Et de poursuivre : « le temps n’est pas fixe. Parfois il satisfait les loyalistes, d’autres fois il assouve les ennemis. Un jour il te rend pauvre. L’autre il t’enrichit. Un jour il t’honore. Un autre il t’humilie ».
Ben Hamid a invité les fidèles saoudiens à ignorer les défauts des autres. Toujours avec un ton religieux et moral. « Quiconque suit les défauts d’autrui se fatigue lui-même et fatigue les autre. Lorsqu’il s’en écarte, ses relations seront plus saines, ses rencontres plus belles, sa religion et sa vie seront épargnées », a-t-il ajouté.
Al-Arabiyyat: démentis, dénis et omission
Dans la couverture médiatique, le recours à la télévision saoudienne al-Arabiyat pourrait suffire pour se faire une idée sur la façon de manipuler le public saoudien: les démentis et les dénis de fait et la publication de versions différentes de celle publiés par les médias internationaux vont de paire. Le tout mélangé par la théorie du complot.
Naturellement, la version officielle est mise de l’avant, dont les allégations selon lesquelles M. Khashoggi est sorti du consulat.
L’information sur la disparition de cet homme est présentée comme étant le fruit de rumeurs qui sont véhiculés par les médias qataris et turcs.

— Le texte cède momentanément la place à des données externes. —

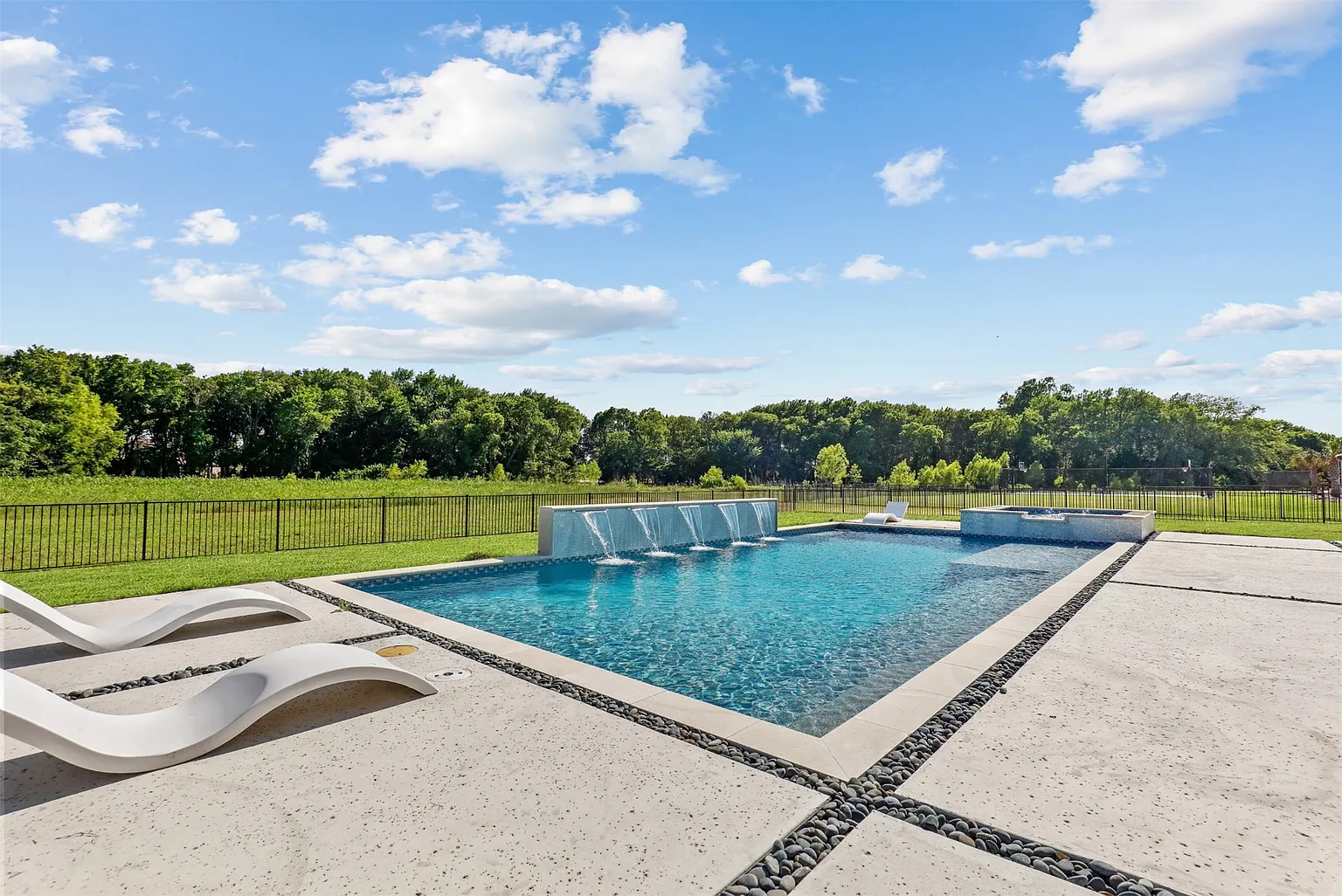 How to Find the Builder of a Home: Expert vs Novice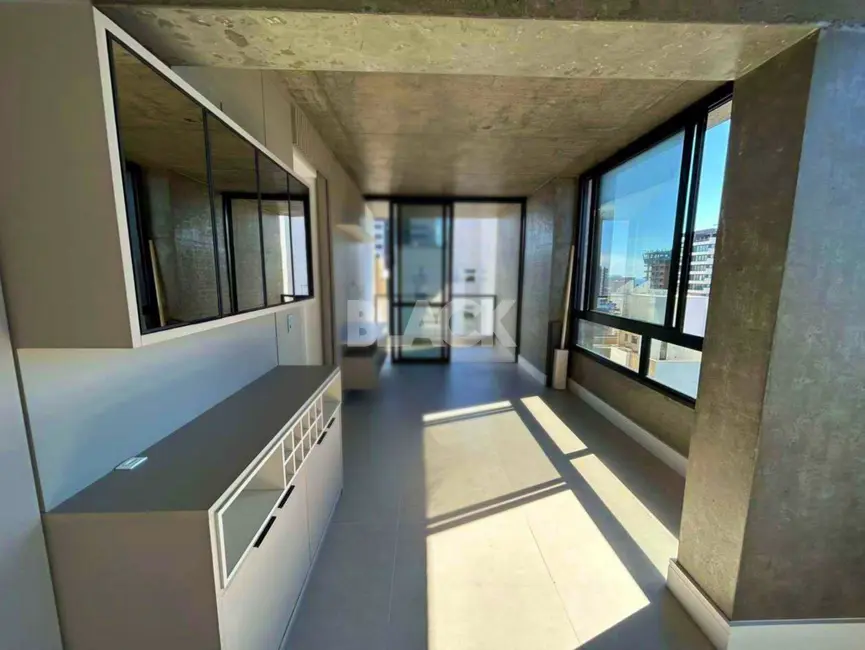 Foto 2 de Apartamento com 2 quartos à venda, 91m2 em Centro, Torres - RS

Trois personnalités sont mises dans la ligne de mire de l’Arabiyyat Tv, comme étant responsables de ces rumeurs : la fiancée de la victime, Khadijat Jankiz « qui a prétendu être la fiancée de Khashoggi et a diffusé des versions contradictoires », peut-on lire dans un clip réalisé par ce méedia.
Jamal Al-Chayyak, un correspondant d’al-Jazeera. « Son père est une personnalité remarquée des Frères musulmans qui travaillent avec l’émir du Qatar ».
Et le directeur de la télévision turque TRT, Tourane Kechlakji qui a parlé des 15 saoudiens qui ont tués Khashoggi.
Dans les médias saoudiens, ces quinze hommes arrivés et partis le jour même de la disparition et qui s’étaient rendus au consulat puis à la maison du consul général (selon la version turque) sont présentés comme étant des touristes. Bien entendu, on ne signale pas ces deux détails.
Théorie du complot
Dans le discours politique, la théorie du complot est de mise : des responsables saoudiens et originaires des pays du Golfe ne cessent de véhiculer la thèse selon laquelle le royaume wahhabite est victime d’une campagne destinée à l’embarrasser devant les tribunes internationales. Notamment de la part du Qatar et de la Turquie.
La télévision saoudienne rapporte aussi les interventions d’experts qui soutiennent la position officielle. Dont des Turcs, des Américains… Elle rapporte entre autre l’avis d’un auteur américain Patrik Paul , un expert dans les questions nationales et de terrorisme selon lequel « l’Arabie saoudite fait face à des forces régionales et internationales qui travaillent de concert pour manipuler les médias et lui fournir des informations erronnées ».
Mais le procédé qu’elle utilise le plus est celui de l’omission. D’importantes évolutions de l’affaire sont éclipsées. Rejoignant le procédé des sermons du vendredi, il vise à garder le public saoudien dans l’ignorance.